James Bottomley wrote:
I'm not sure your conclusions necessarily follow your data. What was
the reason for the TASK ABORTED (I'd guess QErr settings, right)?
It was my desire/curiosity during tests of SCST (http://scst.sf.net),
when it working with several initiators with different transports over
the same set of devices, each of them having with TAS bit in the control
mode page set. According to SAM, in this case TASK ABORTED status can be
returned at any time, similarly to QUEUE FULL, i.e. IMHO such command
just should be retried. But QUEUE FULL status handled well, but TASK
ABORTED leads to filesystem corruption.
So this is with a soft target implementation ... so it could be an
ordering issue inside the target that's causing the filesystem
corruption on error.
Target offers no ordering guarantees for SIMPLE commands and frankly
says that to initiator via QUEUE ALGORITHM MODIFIER value 1 in the
control mode page. As we know, initiator doesn't use ORDERED tags (and
it really doesn't use them according to the logs), so if it's an
ordering issue, it's at the initiator's side.
if you specifically set TAS=1 you're giving up the right to know what
caused the command termination. With insufficient information, it's
really unsafe to simply retry, which is why the mid layer just returns
TASK ABORTED as an error. If you set TAS=0 we'll get a check
condition/unit attention explaining what happened (usually commands
cleared by another initiator) and we'll explicitly do the right thing
based on the sense data.
But having TAS=1 is legal, right? So it should be handled well. If
TAS=0, TASK ABORTED can't be returned, it would be illegal. So, TASK
ABORTED status can only be returned with TAS=1.
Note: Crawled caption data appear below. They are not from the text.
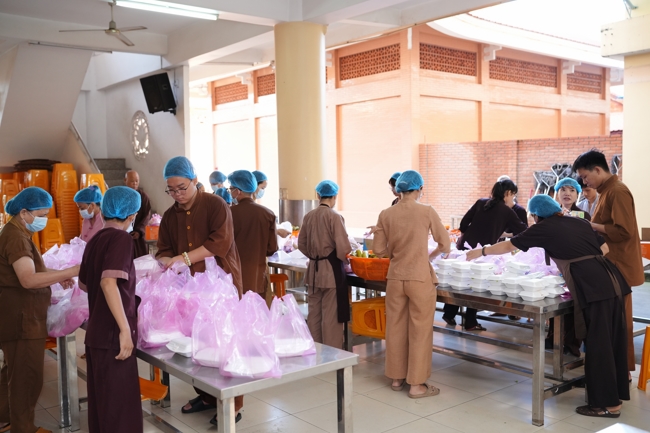 Giving vegetarian vermicelli at Thanh Loc  Paralytic Supporting and Nurturing Center in the Temple's Charity Activities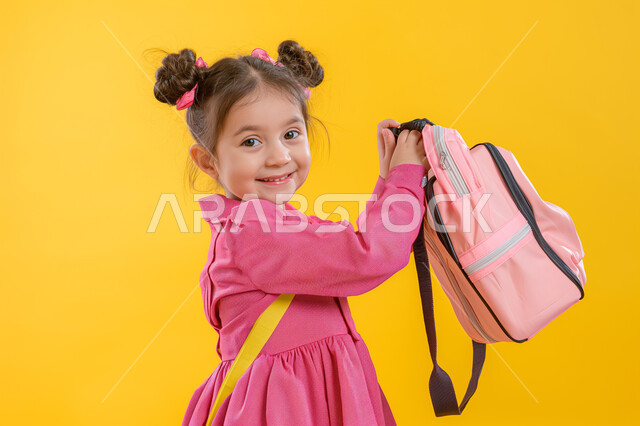 النشاط الصباحي والجد والاجتهاد، بورتريه لفتاةعربية خليجية سعودية ترتدي الحقيبة المدرسية تقوم بالذهاب الى المدرسة، بدء الدوام الصباحي في مدارس المملكة العربية السعودية، صورة الجسم بالكامل، خلفية صفراء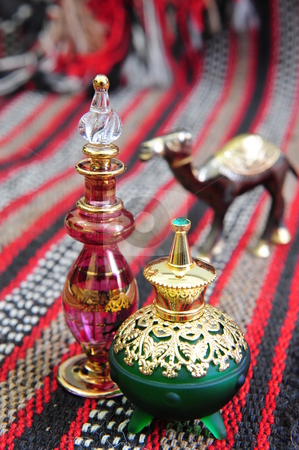 To use this stock image in your creative project, please select the size you need over to the right and click the "Add to Cart" button.
Your downloaded image will come with the Cutcaster watermark removed so don’t worry about the watermark you see on this page. Egyptian perfume bottles stock photo, Egyptian perfume bottles arranged on a hand-woven Omani rug. A small copper replica of a camel is faded in the background. by Nicolaas Traut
Driving with your handbrake on is legal too ... that doesn't mean you
should do it ... and it certainly doesn't give you a legitimate
complaint against the manufacturer of your car for excessive brake pad
wear.
We handle TASK ABORTED as well as we can (by failing it). For better
handling set TAS=0 and we'll handle the individual cases according to
the sense codes.
So, should I consider your words as you think that it's perfectly fine
to corrupt file system for devices with TAS=1? Absolutely legal devices,
repeat. Hence, in your opinion, no further investigation should be done?
Logic wouldn't support such a conclusion.
Sorry, lately I've got too many "I won't bother, this is your problem"
style answers
You have intertwined two issues
1. How should the mid layer handle TASK ABORTED. I think we've
reached the point where returning I/O error is the best we can
do, but if TAS=0 we could have used the sense data to do better.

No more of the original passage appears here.